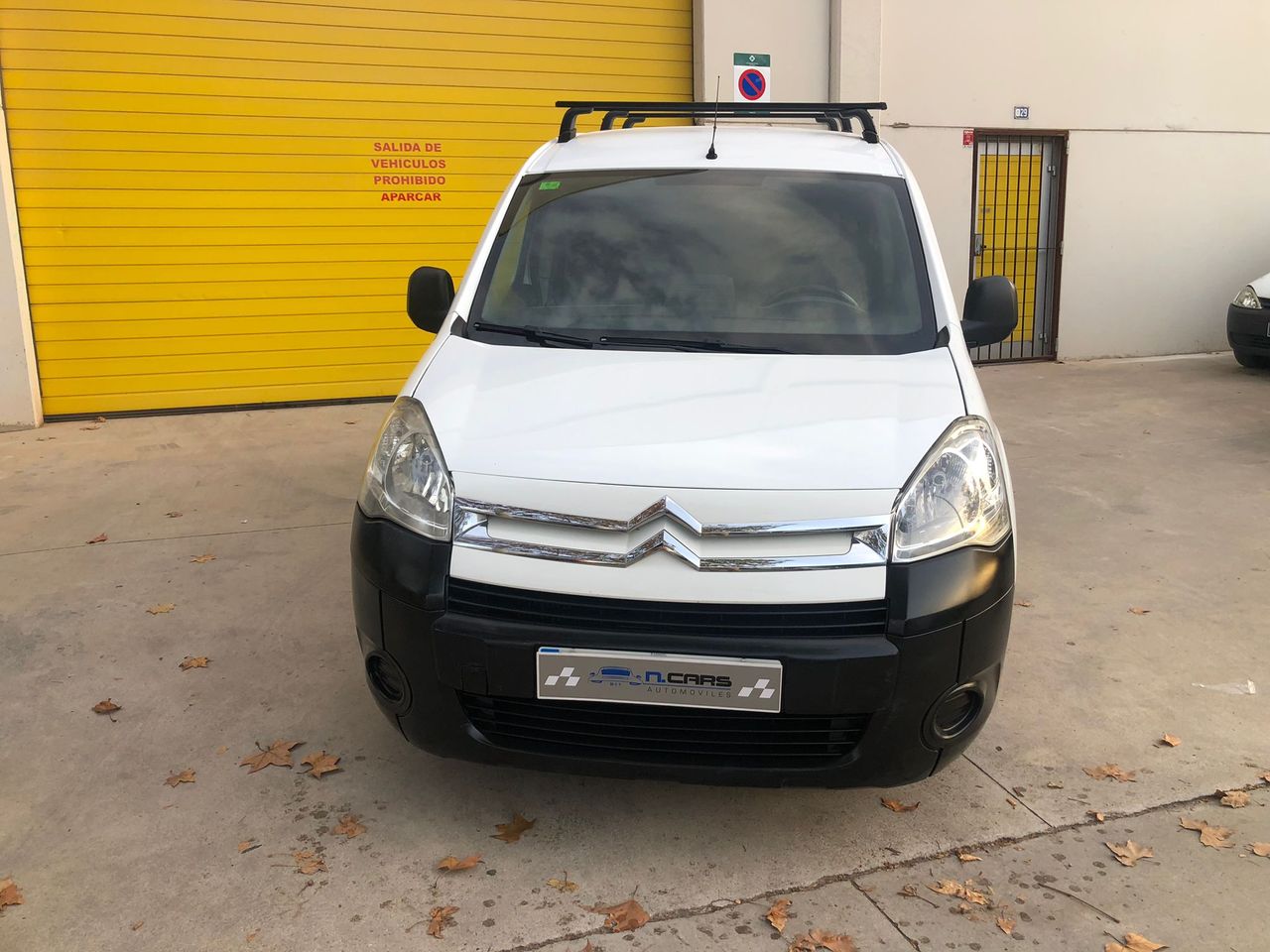 Foto Citroën Berlingo 2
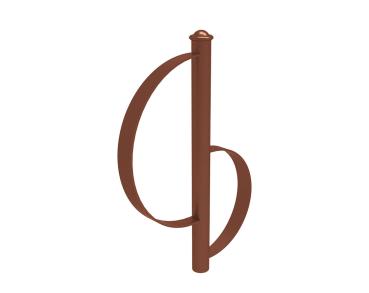 Fahrradbügel Province Klassik Agora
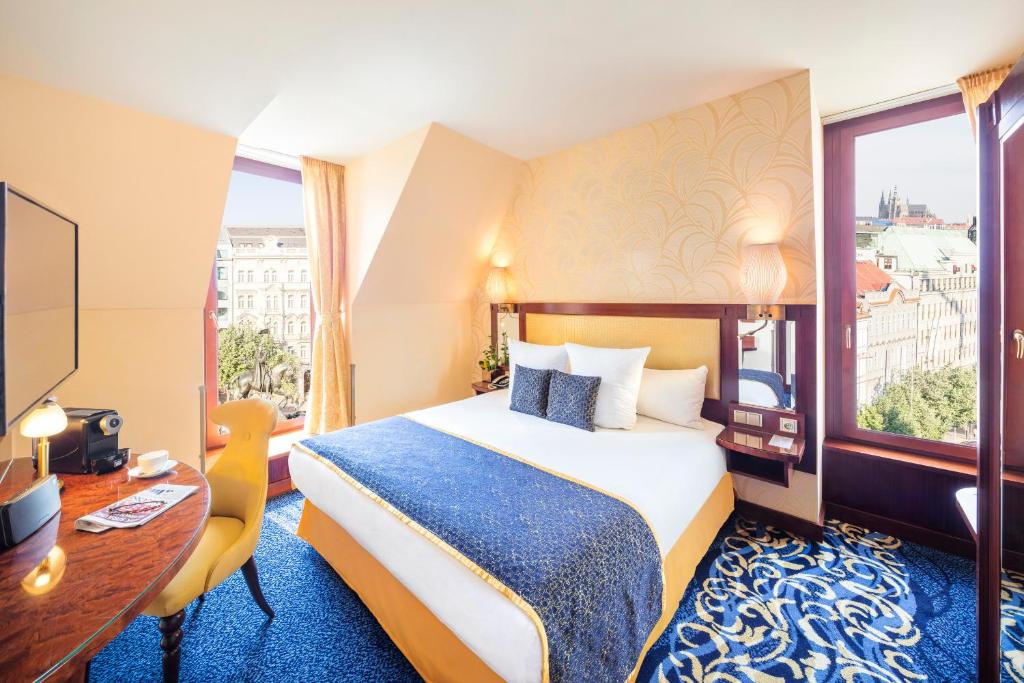 Occidental Praha Wilson - 12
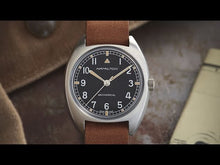 Load and play video in Gallery viewer, HAMILTON Khaki Aviation Pilot Pioneer Mechanical H76419531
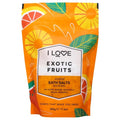 I Love Exotic Fruits Scented Bath Salts by ILove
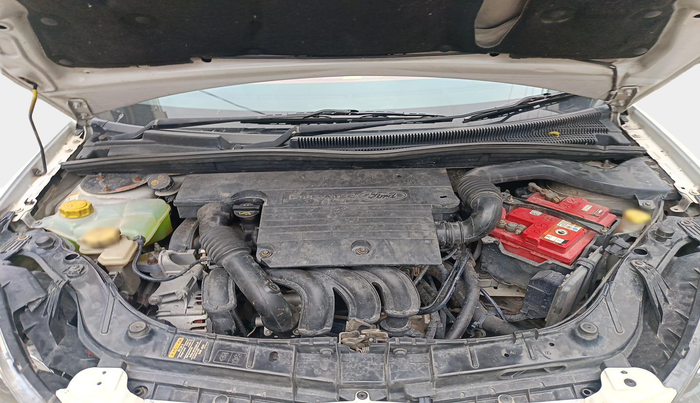 2010 Ford Figo ZXI 1.2 PETROL, Petrol, Manual, 65,414 km, exterior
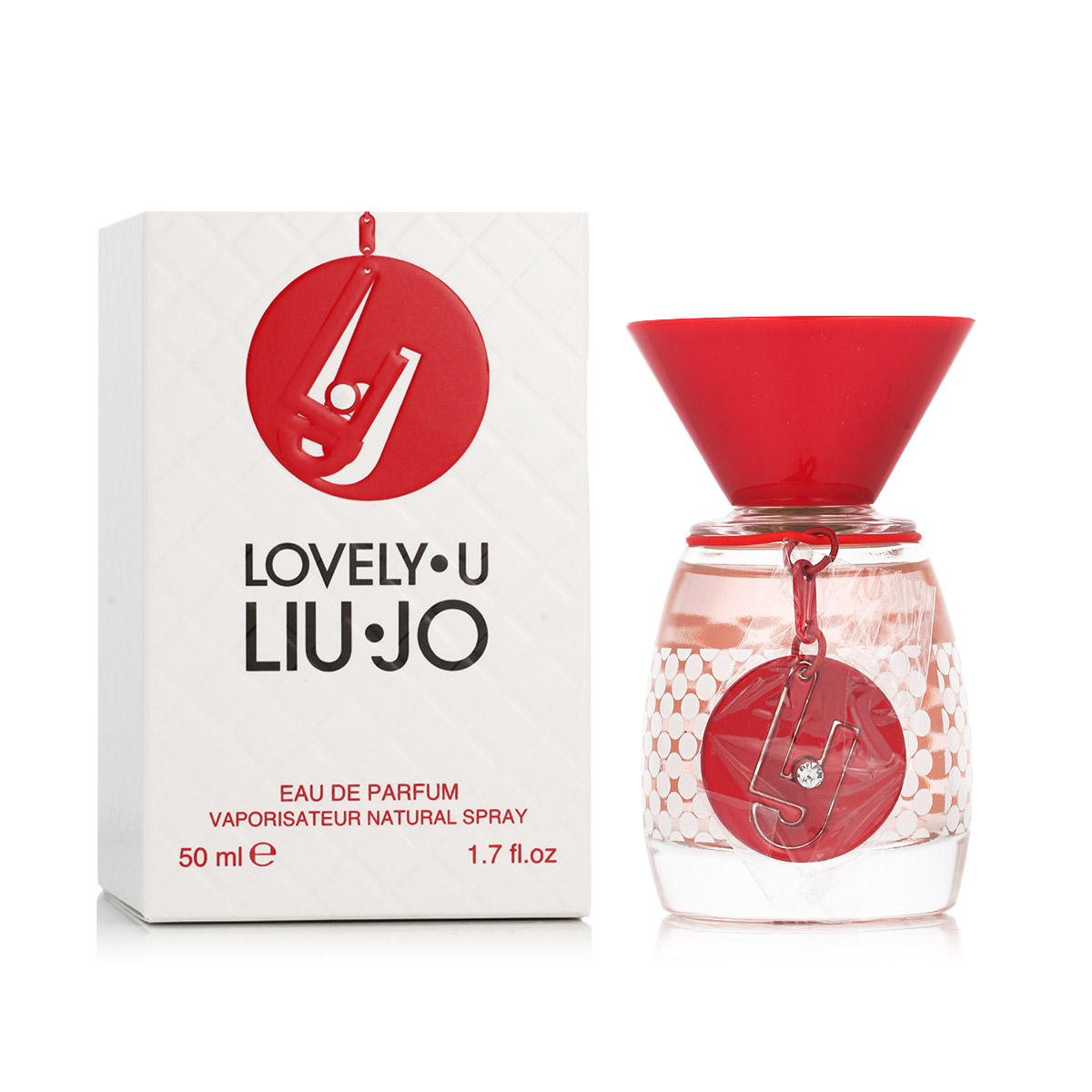 Liu Jo Lovely U 50ml kvepalai Moterims EDP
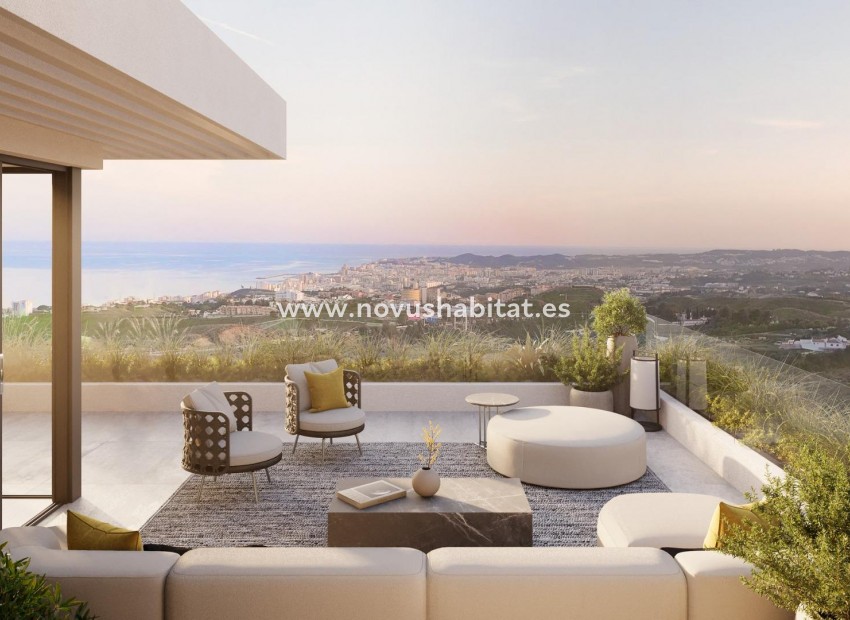 New Build - Apartment - Mijas
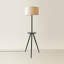 Tolono 150cm Matte Tripod Floor Lamp-518851779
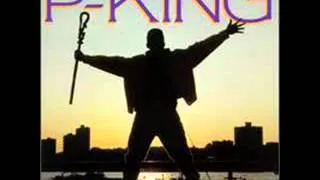 P King - I'm In The Mood (RARE RANDOM RAP 1992)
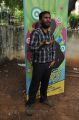 Director Aslam at Paagan Movie Success Meet Stills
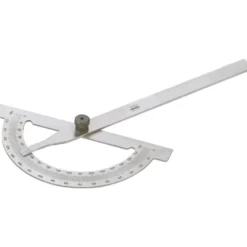 Rapporteur D'Angle 200mm Simple SAM Outillage - 710-R-2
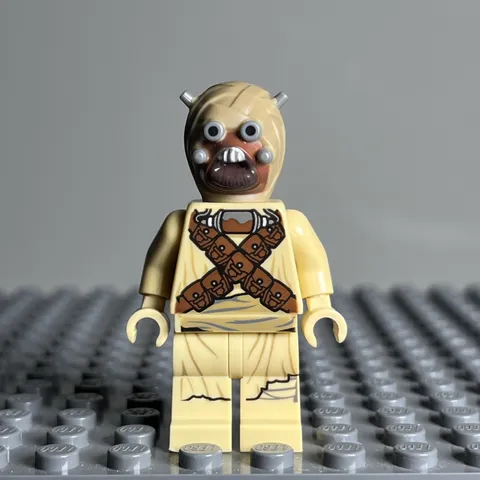LEGO Star Wars Tusken Raider Minifigure (75081 75173 75198) sw0620 - 1Q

--------------------

> Work task
Repeat word for word, leaving out the pictures, each line of the records from the line that holds "2010 Ford Figo" through the final one.

> Exercise answer
 2010 Ford Figo ZXI 1.2 PETROL, Petrol, Manual, 65,414 km, exterior
 Liu Jo Lovely U 50ml kvepalai Moterims EDP
 New Build - Apartment - Mijas
 Tolono 150cm Matte Tripod Floor Lamp-518851779
 P King - I'm In The Mood (RARE RANDOM RAP 1992)
 Director Aslam at Paagan Movie Success Meet Stills
 Rapporteur D'Angle 200mm Simple SAM Outillage - 710-R-2
LEGO Star Wars Tusken Raider Minifigure (75081 75173 75198) sw0620 - 1Q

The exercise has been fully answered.